_ABOUT THIS TASK:_
If an entry holds a picture, drop the picture and restate the rest word for word.
━━ DATA
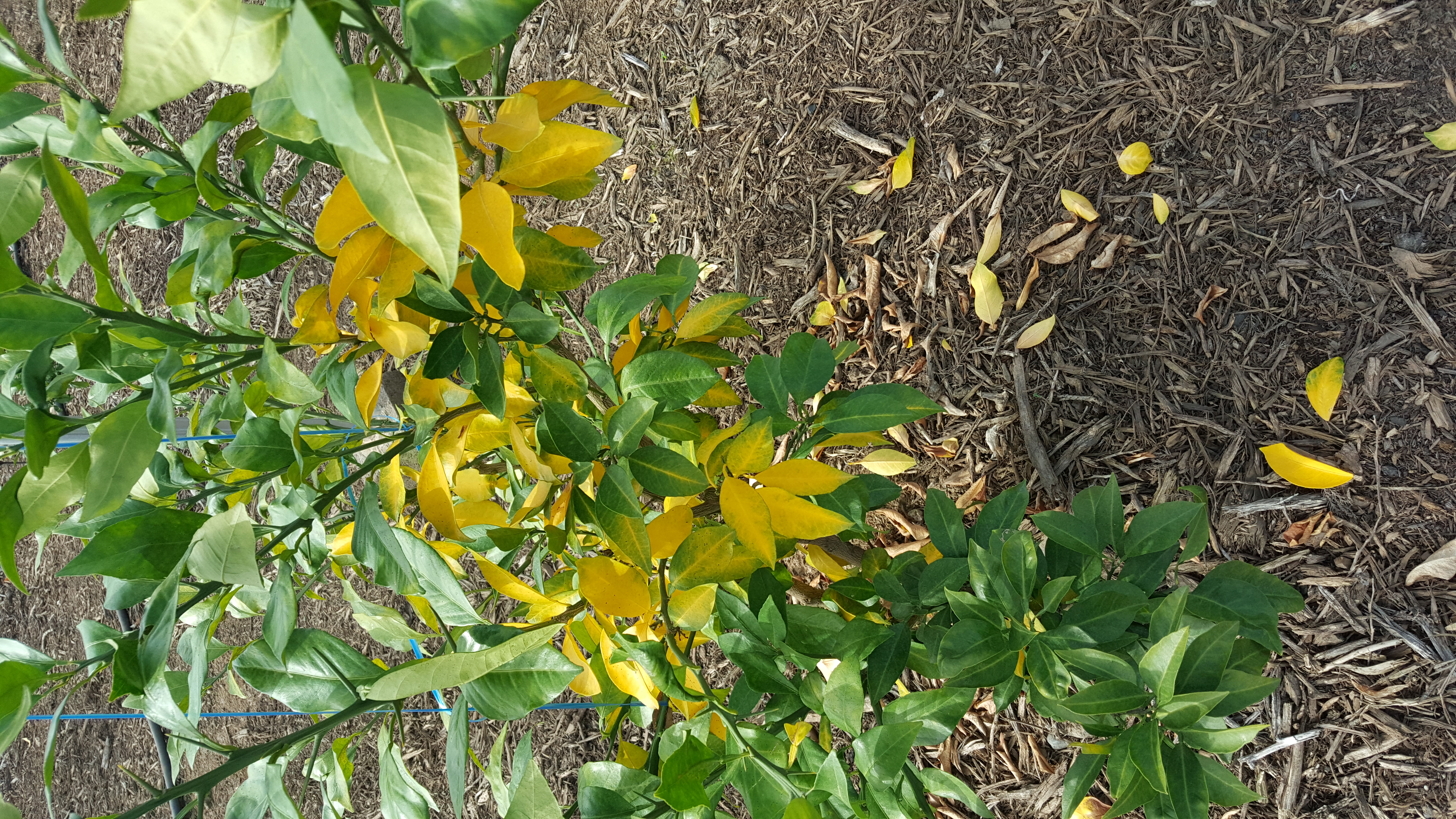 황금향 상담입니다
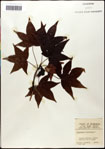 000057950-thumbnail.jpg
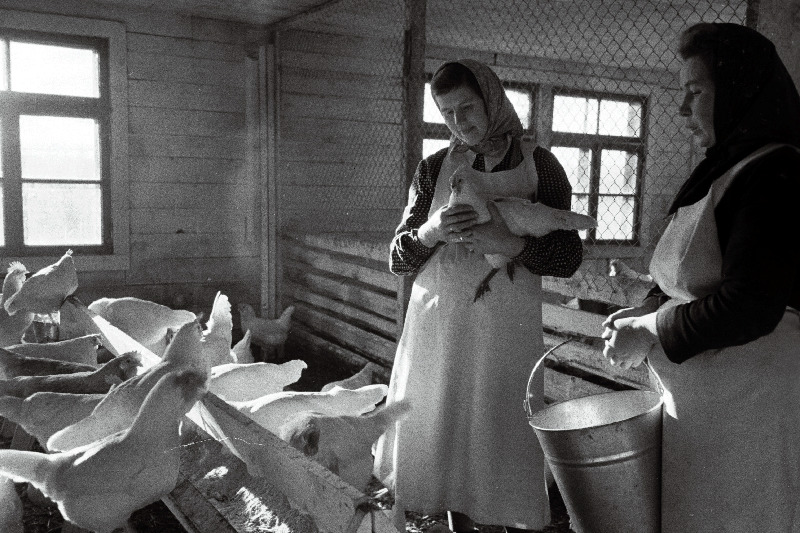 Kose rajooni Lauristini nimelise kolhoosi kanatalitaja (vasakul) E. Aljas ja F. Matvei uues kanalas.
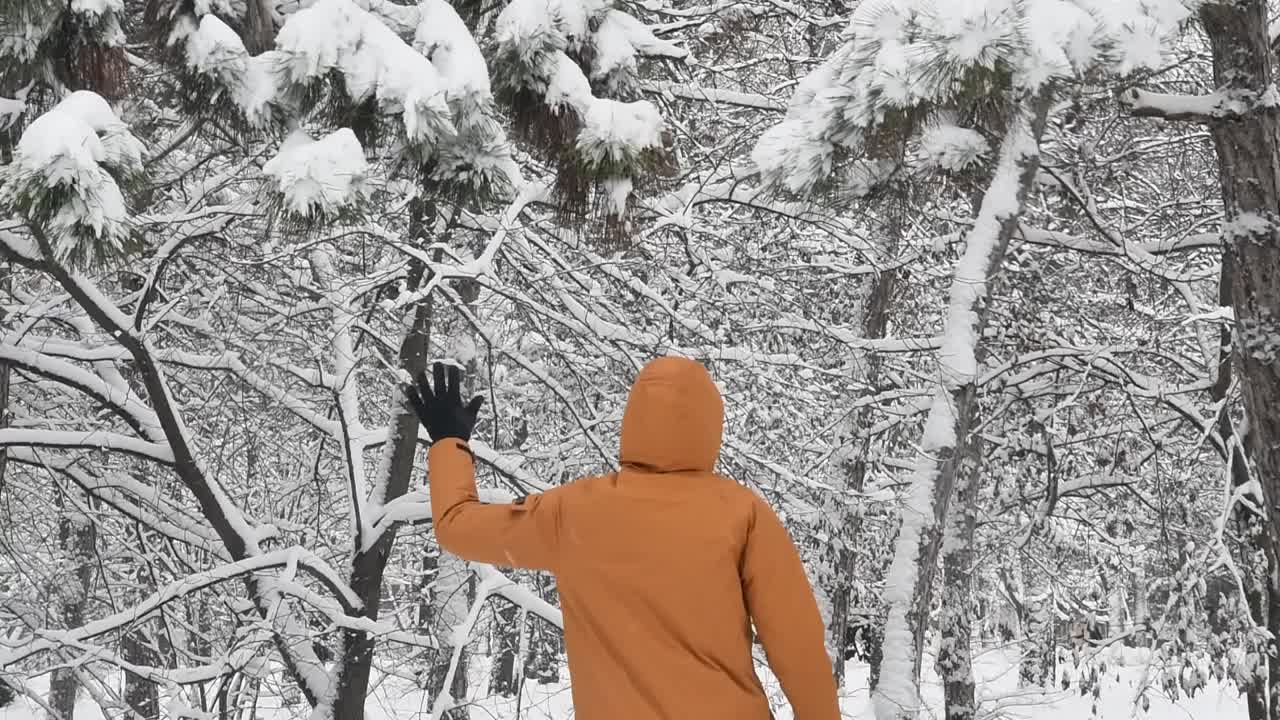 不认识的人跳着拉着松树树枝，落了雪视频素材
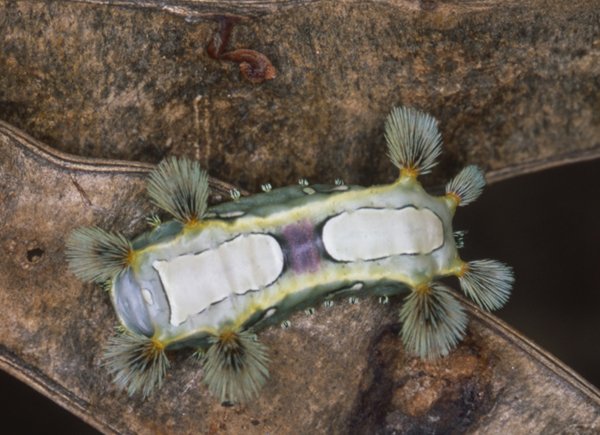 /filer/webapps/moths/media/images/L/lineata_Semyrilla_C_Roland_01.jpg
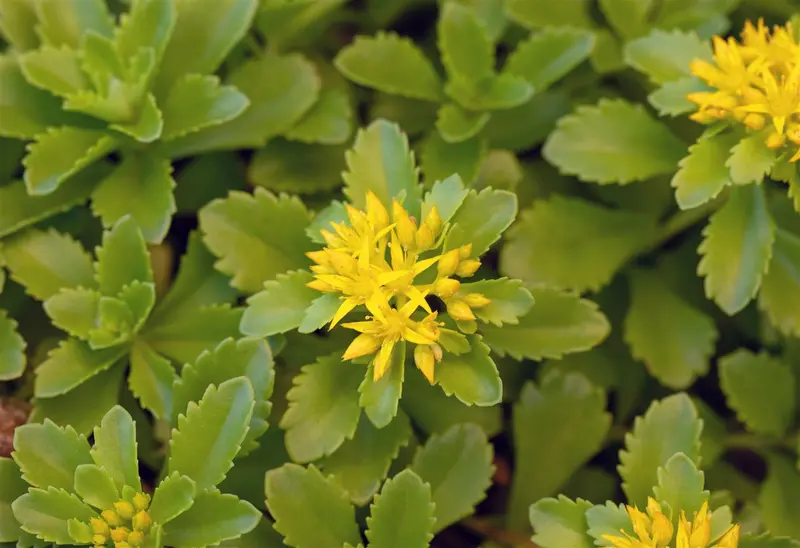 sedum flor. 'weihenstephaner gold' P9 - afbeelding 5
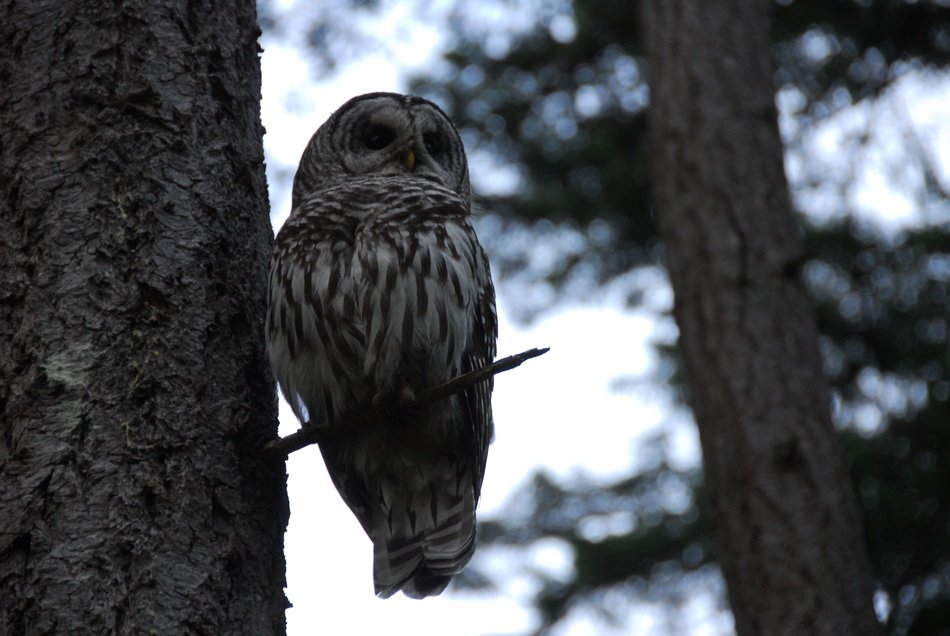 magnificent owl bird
━━━━
_RESULT OF THE EXERCISE:_
 황금향 상담입니다
 000057950-thumbnail.jpg
 Kose rajooni Lauristini nimelise kolhoosi kanatalitaja (vasakul) E. Aljas ja F. Matvei uues kanalas.
 不认识的人跳着拉着松树树枝，落了雪视频素材
 /filer/webapps/moths/media/images/L/lineata_Semyrilla_C_Roland_01.jpg
 sedum flor. 'weihenstephaner gold' P9 - afbeelding 5
 magnificent owl bird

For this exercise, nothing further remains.